Wednesday kicked off with introductions followed by a short talk by Tito Jackson*, the IT Director for the Mass Office of Business Development. Jackson's talk was very upbeat about the state of technology in Massachusetts (as you would expect), but some of the numbers really are impressive given the current economic situation. Jackson was followed by a keynote from Richard Clarke. Clarke is a very good speaker and started (after the obligatory Elliot Spitzer joke) with a recap of the history and current state of cybersecurity in the United States and recent events which have refocused attention on cybersecurity. Unfortunately Clarke started wandering away from his real areas of expertise and eventually jumped the shark and ventured into bogus generalizations and speculation. His strong statements on privacy violations could have brought him back from the brink, but by the time he suggested ideas like laws regulating secure code and requiring ISPs to clean up the Internet for us he had lost a large part of the audience and it was just residual respect and decorum which kept him from being heckled.

After the keynote the three tracks split up and the choices became difficult (always a good sign at a con). The tracks were loosely defined as "Business and Security, "Application Security", "Security and Technology" and not being a coder I wasn't tempted by much in the Application track- but I later heard there were some excellent ones, such as Andrew Jaquith's Anti_virus preso. I chose to hear Mike Rothman's "How Compliance Can Get You Killed"- but really wanted to see Roger Dingledine's "Making TOR Play Nice with the Internet" talk, too.
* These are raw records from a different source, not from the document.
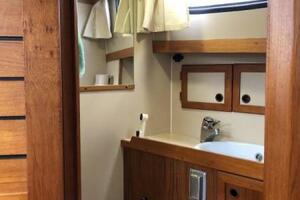 Firefly 44ft Nauticat Yacht For Sale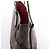 Borsa a tracolla Louis Vuitton Neverfull PM Damier Ebene in marrone N51109 - vista 5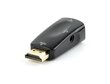 Gembird AB-HDMI-VGA-02 цена и информация | USB adapterid ja jagajad | hansapost.ee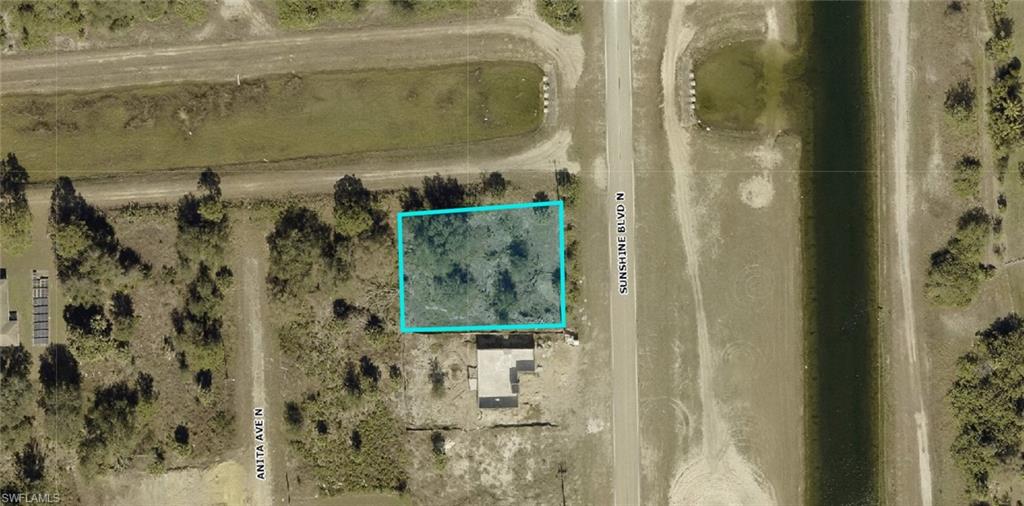 HUGE oversized waterfront parcel with western exposure offering the perfect blank canvas for your new dream home! With a canal to the north as a neighbor, there's extra privacy! Conveniently located on Sunshine Blvd just north of 59th St. W. in a fast-growing area with tons of new construction throughout the neighborhood. Buy now and build, or hold for future investment as the area continues to expand. Not an assignment of contract—local sellers with quick responses and smooth closings! Seller has additional parcels available; inquire for a full list.
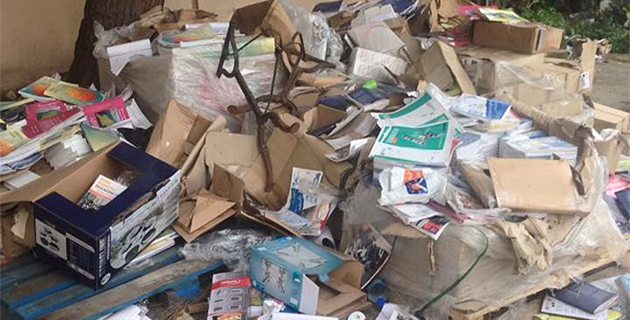 CRDP : Des images hors contexte sur Facebook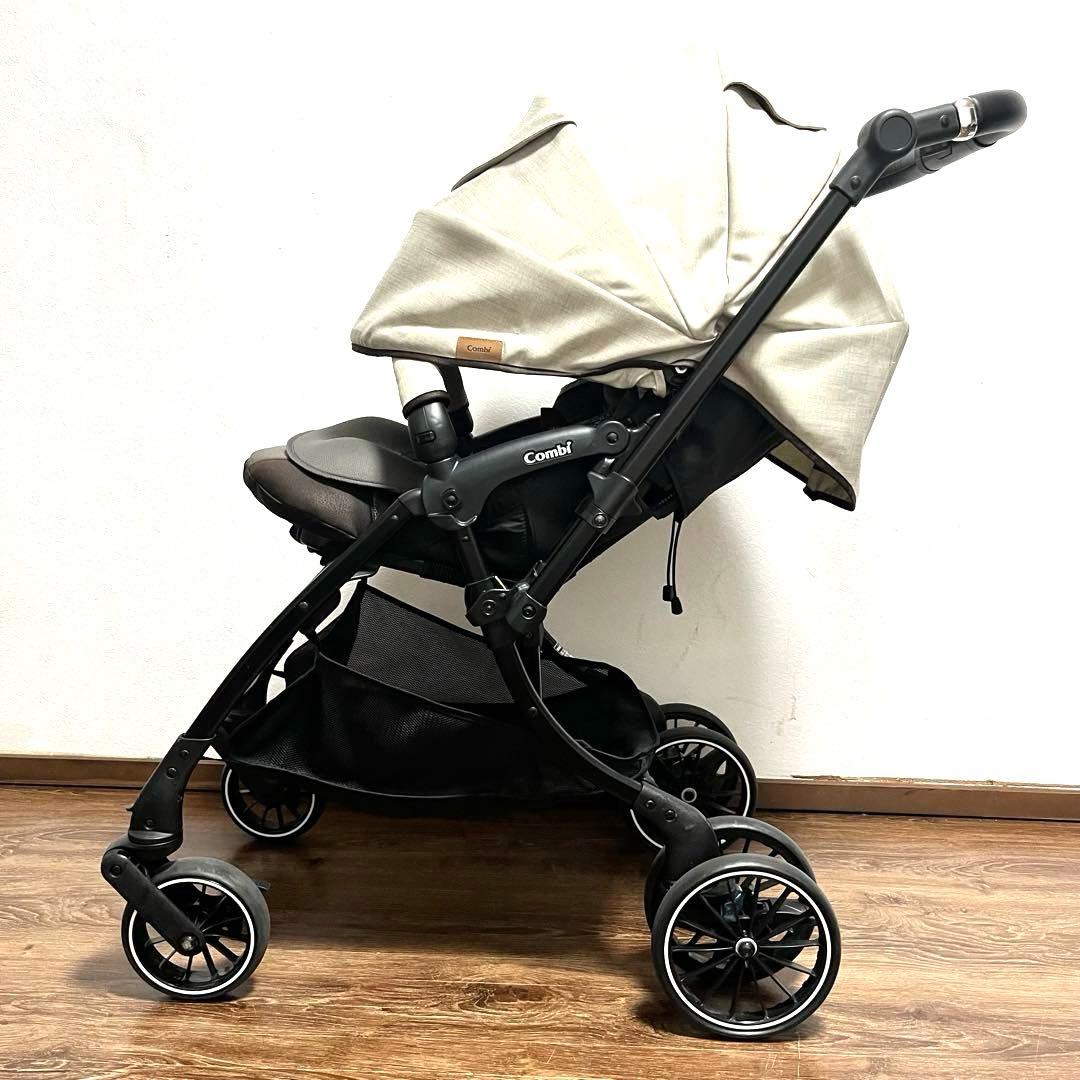 【美品】Combi コンビ スゴカル Switch plus ES ロッタ AN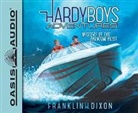 Franklin W. Dixon - Mystery of the Phantom Heist (Audiolibro)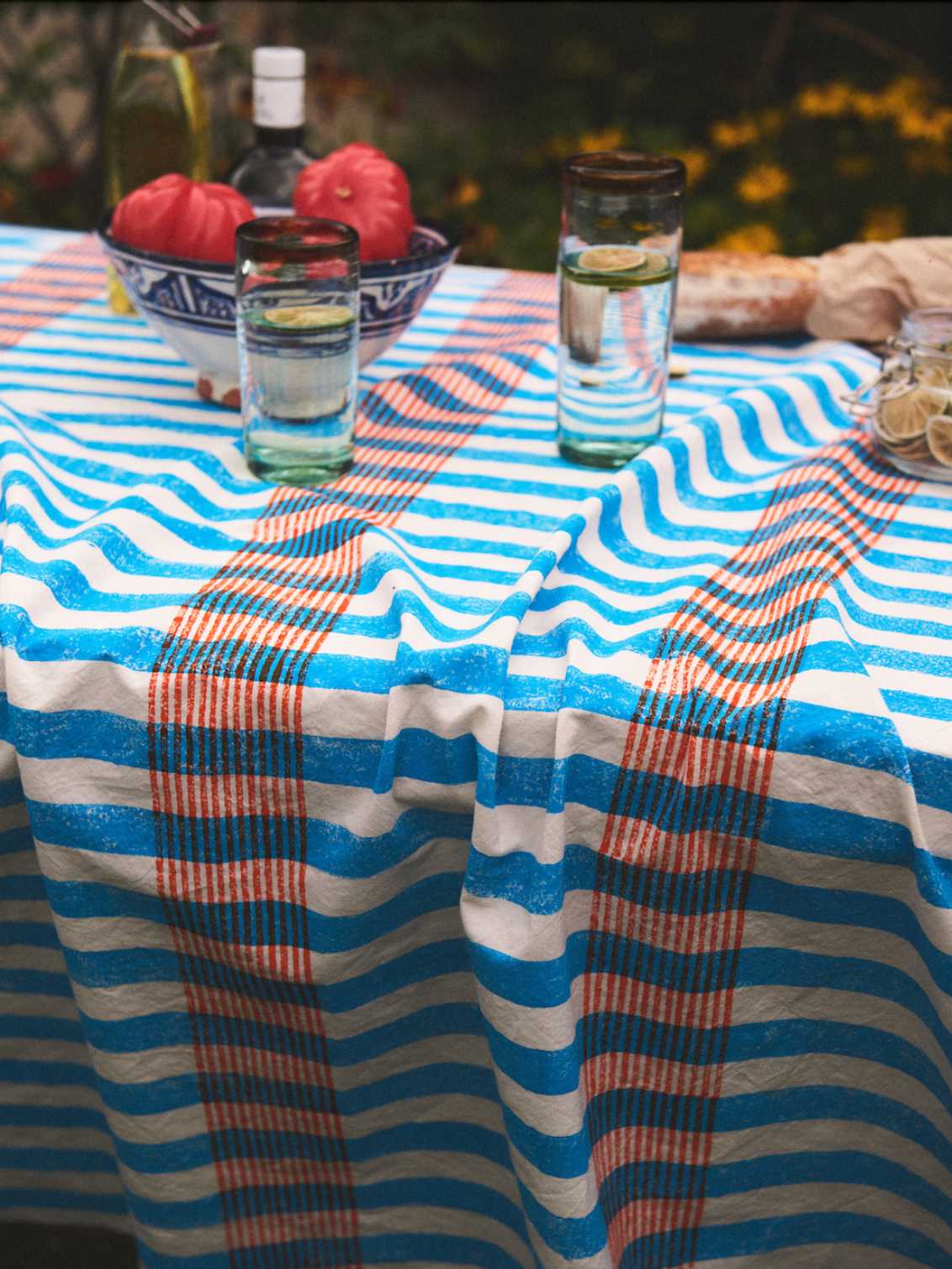 Lido Tablecloth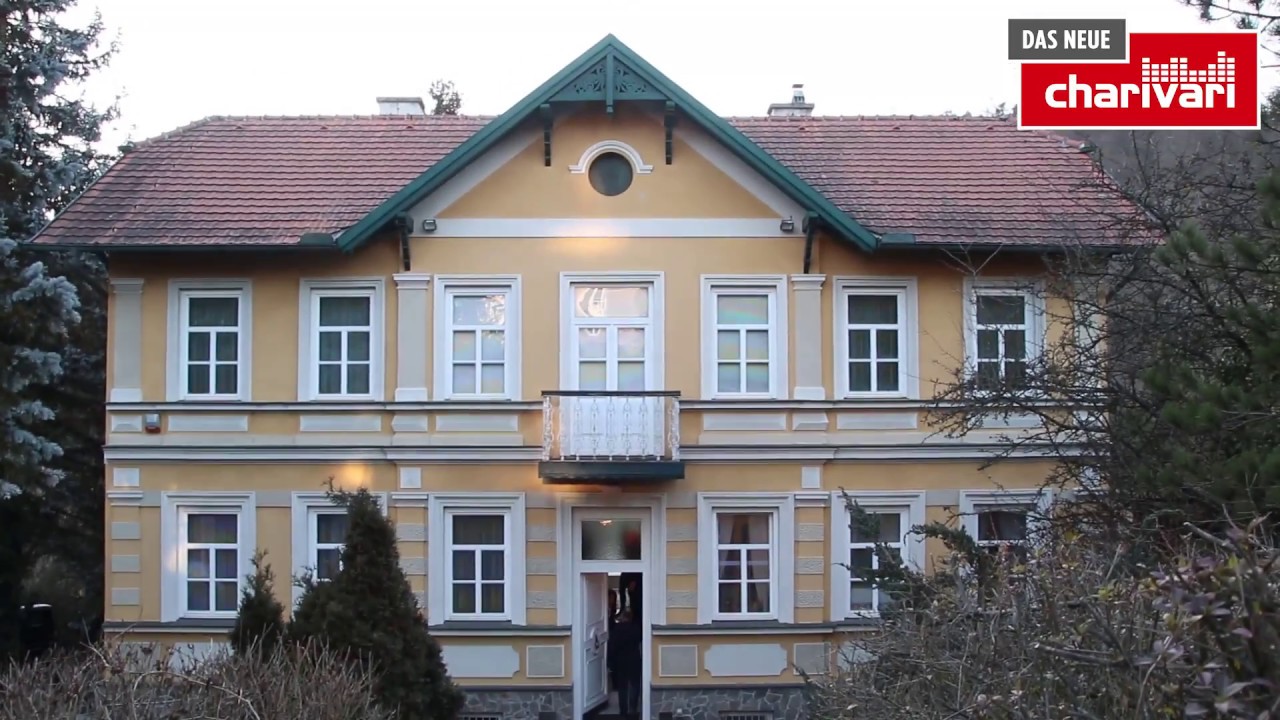 Charivari Würzburg: In der Villa von Falco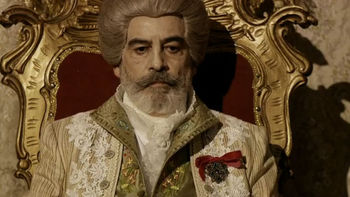 El primer sueño: 1808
I'll have to wait for the videos to see Roger's, but Mike was as entertaining and informative as always.

The next tough choice for me was between Michael Rash's "Advanced Linux Firewalls" and "Disruptive Innovation and the Future of Security" by Rich Mogull and Christofer Hoff. I couldn't pass up the dynamic duo and they didn't disappoint. It was their first pass at what is an evolving presentation- it was good and will improve with a little polish. They tried to cover more Disruptive Technology topics than would fit in the time allotted and that limited the depth of the presentation, but even in "rough cut" form it was a refreshing change from most of the mundane "Business of Security' kind of talks.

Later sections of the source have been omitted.